Ces disparités, qui toutefois ne s’observent pas auprès des femmes gay ou bisexuelles, viendraient en partie de la communauté gay elle-même qui voue un culte à l’image du corps parfait bodybuildé. Les corps de rêve véhiculés par les magazines et les vidéos ne correspondent que rarement à la réalité et de nombreux hommes, qui ne rentrent pas dans le moule, ne parviennent pas à s’accepter. Le poids, la musculature et l’exercice physique, seuls paramètres sur lesquels ils exercent un certain contrôle, restent dès lors l’unique moyen d’approcher leur idéal. Dans cette quête de perfection physique, certaines communautés gay ont même adopté le jeûne et les purges comme règle de vie. Pensant qu’ils seront aimés ainsi, ils sont prêts à mettre leur vie en péril.

Les TCA peuvent aussi apparaître en réaction aux humiliations fréquemment vécues par les homosexuels. Manger à outrance permettrait ainsi de combler un vide émotionnel, un manque d’amour causé par un corps ou une identité sexuelle « non conforme ». Se purger est alors nécessaire pour que les calories ingérées ne les éloignent pas du corps mince et athlétique vanté par la culture gay.

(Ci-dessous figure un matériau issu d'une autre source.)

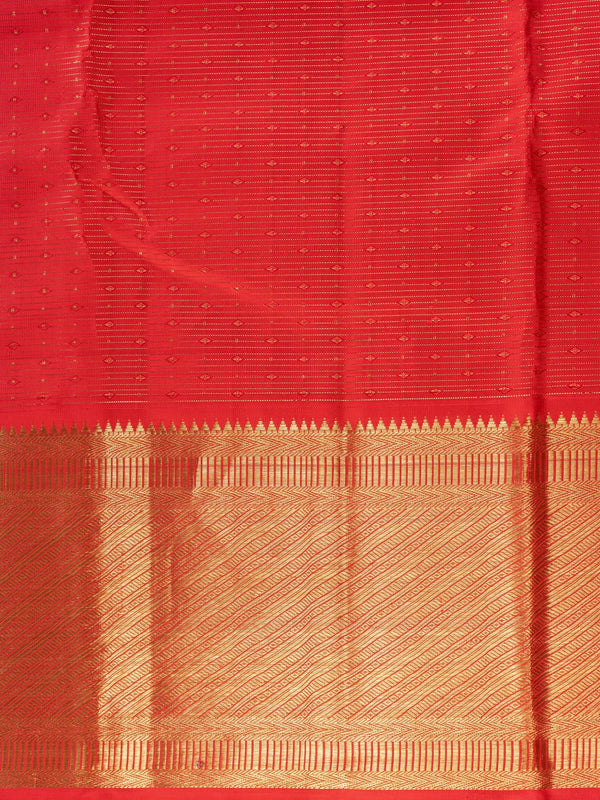 Red pure Kanchipuram silk saree with gold zari buti body, contrast temple-style gold border and paisley zari pallu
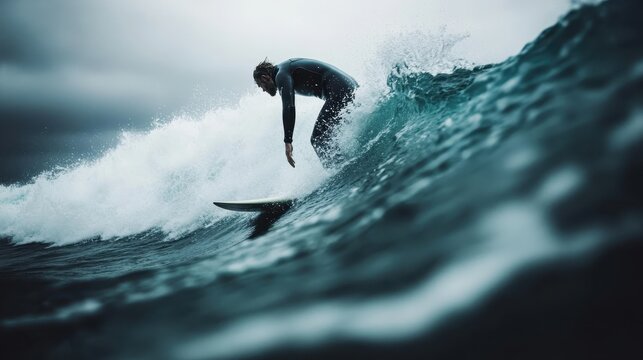 A determined surfer skillfully navigates a powerful wave, embodying the thrill and challenge of surfing in challenging weather conditions, emphasizing adventure and courage.
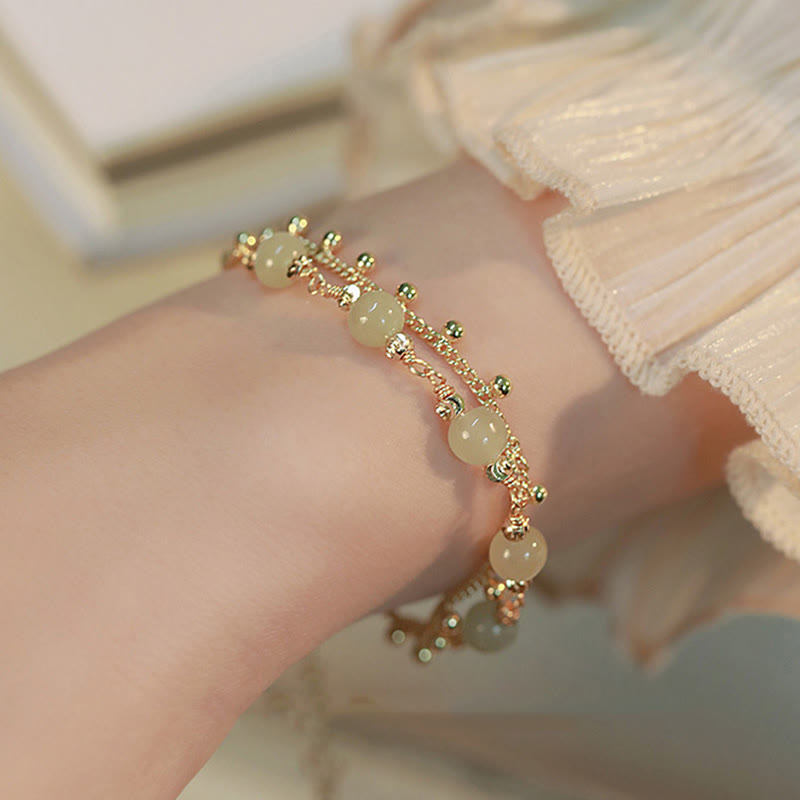 2-lagiges Hetian-Jade-Armband für Glück und Wohlstand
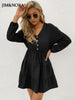 JIM & NORA Casual Women Long Sleeve V Neck Pleated Mini Dress Autumn Ladies Soild Colour Folds Dresses Elegant Vestidos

L’épidémie de SIDA serait également en partie responsable de la situation actuelle, affirme Troy Roness, spécialiste américain des TCA. À l’époque, il fallait en effet éviter à tout prix d’avoir l’air d’un sidéen, et pour cela, les homosexuels se devaient d’être en forme et de respirer la santé en affichant un corps svelte et musclé, une image qui s’est fermement enracinée dans la société avec les années.

Mais pour pouvoir être traités, les troubles doivent d’abord être détectés : or, chez les hommes en général, les TCA passent souvent inaperçus du fait du caractère typiquement « féminin » de la pathologie. Ils sont pourtant tout aussi sévères que chez les femmes et poseraient même un problème plus large encore : alors que les filles sont obnubilées par la minceur, les hommes se focalisent davantage sur la musculature et utilisent des compléments alimentaires comme les hormones de croissance et les stéroïdes qui nuisent à leur santé. Ces produits augmentent entres autres les risques de développer d’autres troubles du comportement. Ainsi, la prise de ces compléments augmenterait le risque de consommer de la drogue et doublerait celui de tomber dans le binge drinking (abus fréquent d’alcool en un temps record).

De plus, le phénomène reste caché, voire tabou, chez les hommes, gay ou non. Les troubles du comportement alimentaire, considérés comme des « maladies de femmes », sont assimilés à de la faiblesse, à un manque de virilité, d’où découle un sentiment de honte et de culpabilité.

Pour les spécialistes, un investissement de la part de la communauté médicale, couplé à une sensibilisation du public aux TCA chez l’homme augmenterait les chances, pour ces personnes en souffrance, de trouver la voie de la guérison.

Les professionnels de la santé devraient, selon lui, également s’intéresser davantage aux TCA chez les hommes gay et prendre en compte les tracas et les attentes spécifiques de cette communauté pour pouvoir y répondre de manière adéquate.